Dr Muia added that direct causes of obstetric fistula are prolonged obstructed labour, pelvic fracture, cancer or radiation therapy to the pelvic area which damages the tissues, sexual abuse and surgical trauma.
Indirect causes, she said, are poverty, malnutrition leading to stunted growth and inadequate pelvis development, lack of knowledge on pregnancy complications and importance of seeking maternity services early, early marriage resulting in early child birth and harmful traditional practices that damage reproductive system.
Obstetric fistula has a negative impact on women’s health and social well-being.
“It results in humiliating experiences such as continuous leakage of urine and faeces, offensive odour, infection of urinary system, sexual dysfunction. Women suffer psychosocial effects — abandonment by husbands and family members due to loss of dignity, stigma, depression and isolation within the community,” she said.
Women with obstetric fistula are indicators of the failure of health systems to deliver accessible, timely and appropriate intra-partum care.
Obstetric fistula is also an indication of delays by women to seek help immediately when in labour.
Despite its devastating impact on the lives of girls and women, obstetric fistula is still largely neglected in the developing world.
The International Conference on Population and Development (ICPD) which was convened in Cairo, Egypt, from September 5 to 13, 1994, adopted the Programme of Action, which emphasized the fundamental role of women’s interests in population matters and introduced the concepts of sexual and reproductive health and reproductive rights. A new definition of population policy was advanced, giving prominence to reproductive health and the empowerment of women.
Twenty-five years on, skilled attendance has increased from 40 percent in 1994 to 60 percent today. Yet, some women develop obstetric fistula as they stay away from health institutions, where they could get timely help.
Significant progress has also been made in reducing preventable maternal deaths in Africa. A sharp decline of 40 percent has been recorded in the maternal mortality ratio.
A woman’s chance of dying due to pregnancy or childbirth has since declined from 1-in-20 risk during her lifetime to 1-in-40 risk.
According to the State of the World Population 2019 (Unfinished Business) report, while significant progress has been made in extending access to services and information that enable the realisation of the full range of sexual and reproductive health rights, this progress has been uneven and inequalities persist. Sexual and reproductive health inequalities are deeply affected by income inequality, the quality and reach of health systems, laws and policies, social and cultural norms, and people’s exposure to sexuality education.

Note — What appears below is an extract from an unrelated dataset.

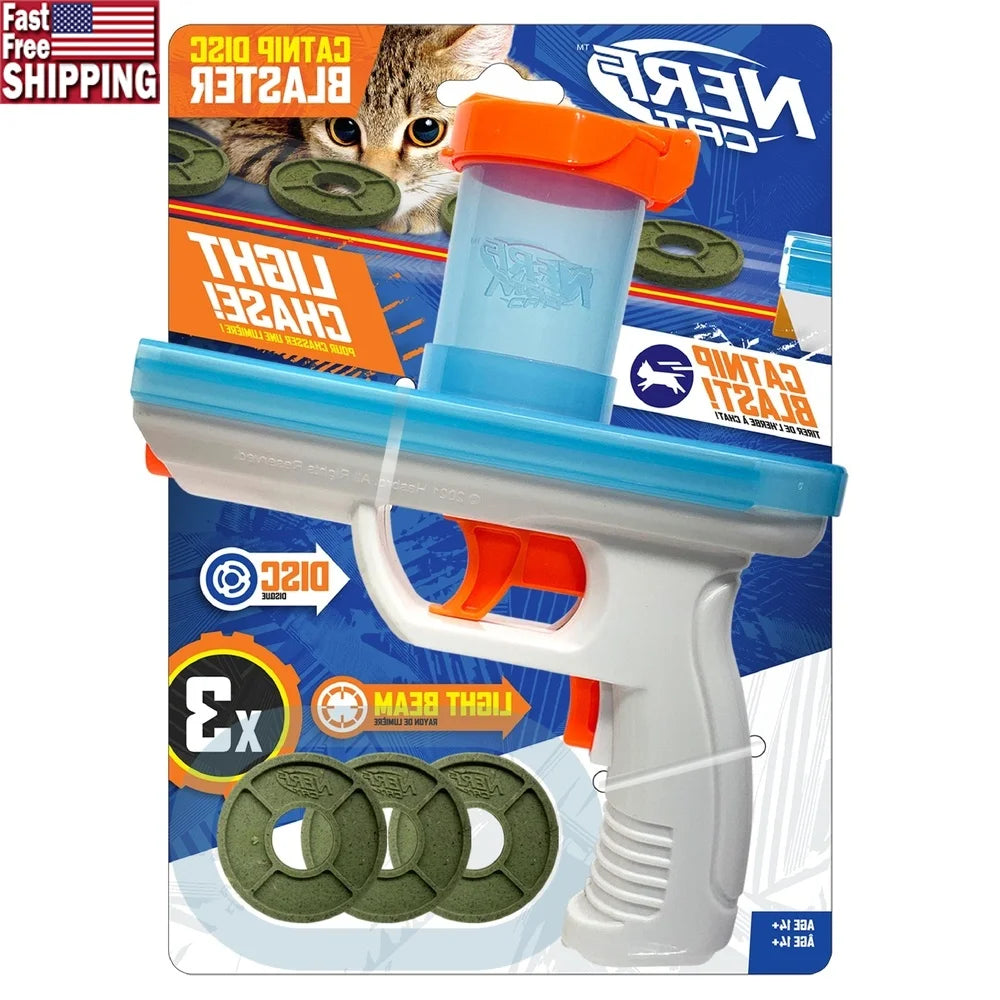 XMSJ Catnip Disc Treat Blaster Toy with Laser Light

Addressing women’s and girls’ sexual and reproductive health rights is essential to achieving sustainable development goals SDGs.
Unlike the Millennium Development Goals (MDGs), SGDs explicitly recognise sexual reproductive health as essential to equitable development and women’s empowerment, referencing sexual and reproductive health under SDG 3, for health, and again under SDG 5, for gender equality which also references reproductive rights.